Nathaniel Parker Willis

Nathaniel Parker Willis

Nathaniel Parker Willis was an American author, poet and editor. He worked with Edgar Allan Poe and Henry Wadsworth Longfellow. Willis was the highest-paid magazine writer of his day. His brother was the composer Richard Storrs Willis and his sister Sara wrote under the name Fanny Fern.

About Nathaniel Parker Willis in brief

Summary Nathaniel Parker WillisNathaniel Parker Willis was an American author, poet and editor. He worked with Edgar Allan Poe and Henry Wadsworth Longfellow. Willis was the highest-paid magazine writer of his day. His brother was the composer Richard Storrs Willis and his sister Sara wrote under the name Fanny Fern. Willis died in New York in 1867 and is buried in Mount Auburn, New York, with his wife and three children. He was the son of Nathaniel Willis, the founder of Youth’s Companion, the world’s first newspaper for children, and Hannah Willis, who was a journalist and mother of Harriet Jacobs, who wrote her autobiography while being employed as his children’s nurse. He also had a younger sister, Sara Willis Parton, who would later become a writer under the pseudonym Fanny. Willis published poetry in his father’s Boston Periodical, often using one of two literary personalities under the pen names ‘Roy’ and ‘Cassius’ In 1829, he served as editor for the gift book The Token, making him the only person to be editor in the book’s 15-year history besides its founder, Samuel Griswold Goodrich. That year, Willis founded the American Monthly Magazine, which began in April 1829 until it was discontinued in August 1831. He blamed its failure on its purses and moved to Europe to serve as foreign correspondent of the New York Mirror.

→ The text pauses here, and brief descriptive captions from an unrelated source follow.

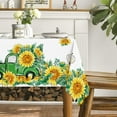 thumbnail image 5 of Summer Spring Tablecloth 60x104 Inch Rectangular, Truck Watercolor Sunflower Table Cover for Party Picnic Dinner Decor, 5 of 6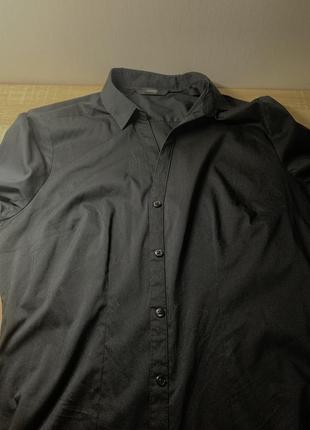 Чорна сорочка рубашка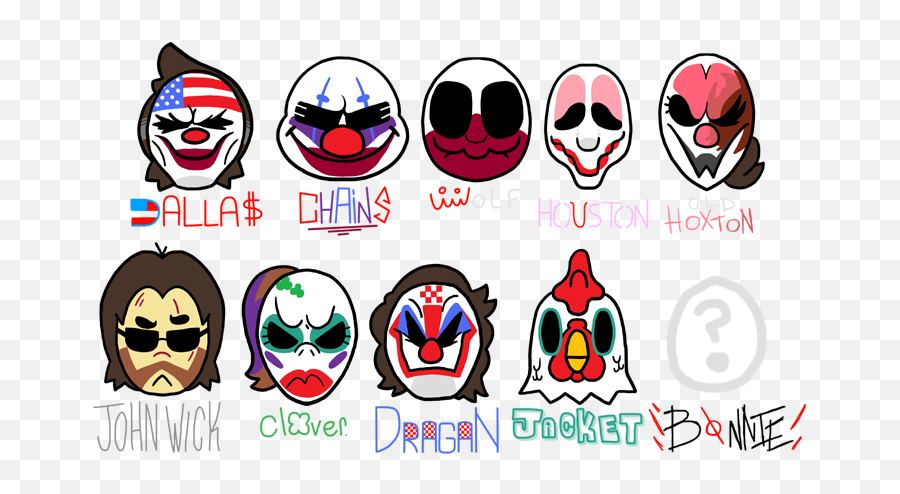 The Infamous Payday Syndicate - Payday 2 Houston Meme Emoji,Steam Emoticon Art Wolf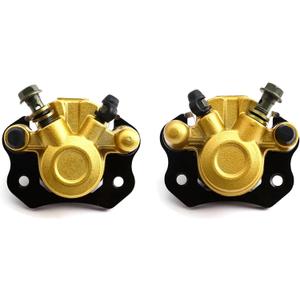2-pack Brake Caliper for Chinese ATV Quad 110cc 125cc 200cc 250cc 196cc 150cc 6.5HP CTieoleman kt196 yerf dog gx150 Kandi Baja RTK200 Go Kart RTK200Dune Buggy Taotao Roketa Sunl Kazuma Golden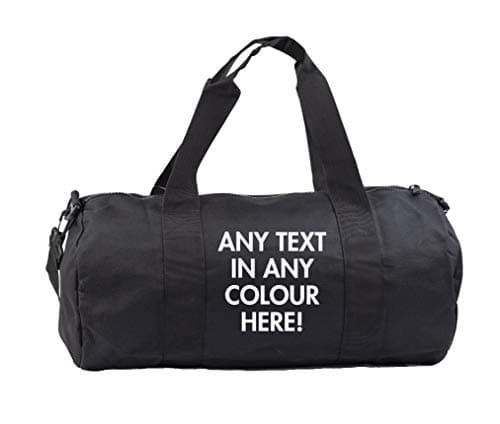 Hippowarehouse Personalised Gymwear Gym Duffle Cylinder Uniform Kit Bag 50 x 25 x 25cm 20 litres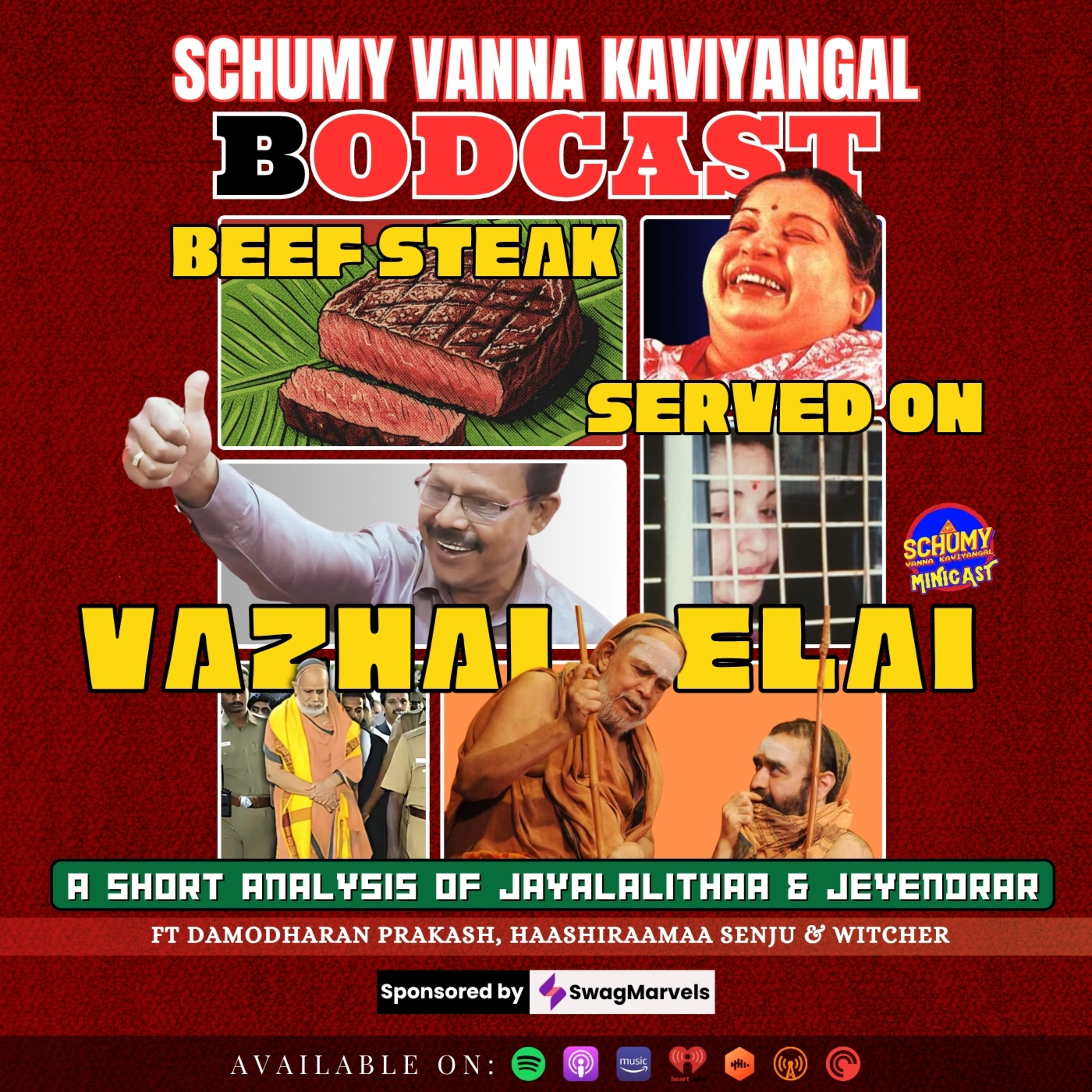 S09E06:-Beef steak served on Vazhai Elai - A short analysis of Jayalalithaa & Jeyendrar ft Nakeeran Damodharan Prakash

In 1832, while in Florence, Italy, he met Horatio Greenough, who sculpted a bust of the writer. Willis’s work became popular and boosted his literary reputation. Despite his popularity, he was censured by some critics for some indiscured descriptions of life and scenes in Europe in 1835, which were later collected as Pencillings by the Way, a series of letters for the Mirror, about which he later wrote a book.

His sister in her novel Ruth Hall, occasionally described him as being effeminate and Europeanized. Willis also published several poems, tales, and a play. He died in a New York home on the Hudson River where he lived a semi-retired life until his death in 18 67. He is buried at Mount Auburn in New Jersey. He had a son, Richard StOrrs Willis, and two daughters, Lucy Douglas, Louisa Harris, Julia Dean, Mary Perry, Edward Payson, and Ellen Holmes. His father Nathaniel Willis was a newspaper proprietor there and his grandfather owned newspapers in Boston, Massachusetts and western Virginia. After attending a Boston grammar school and Phillips Academy at Andover, Nathaniel Parker Willis entered Yale College in October 1823 where he roomed with Horace Bushnell. He graduated in 1827 and spent time touring parts of the United States and Canada, with whom he would become a lifelong friend. His mother was Hannah Willis and it was her husband’s offer to edit the Eastern Argus in Maine that caused their move to Portland, Maine. His other siblings were Lucy Douglas, Louisa. Harris, Julia Dean, Mary Perry, Edward P Grayson, and Ellen. Holmes. In 1816, the family moved to Boston, where Willis’s father established the Boston Recorder.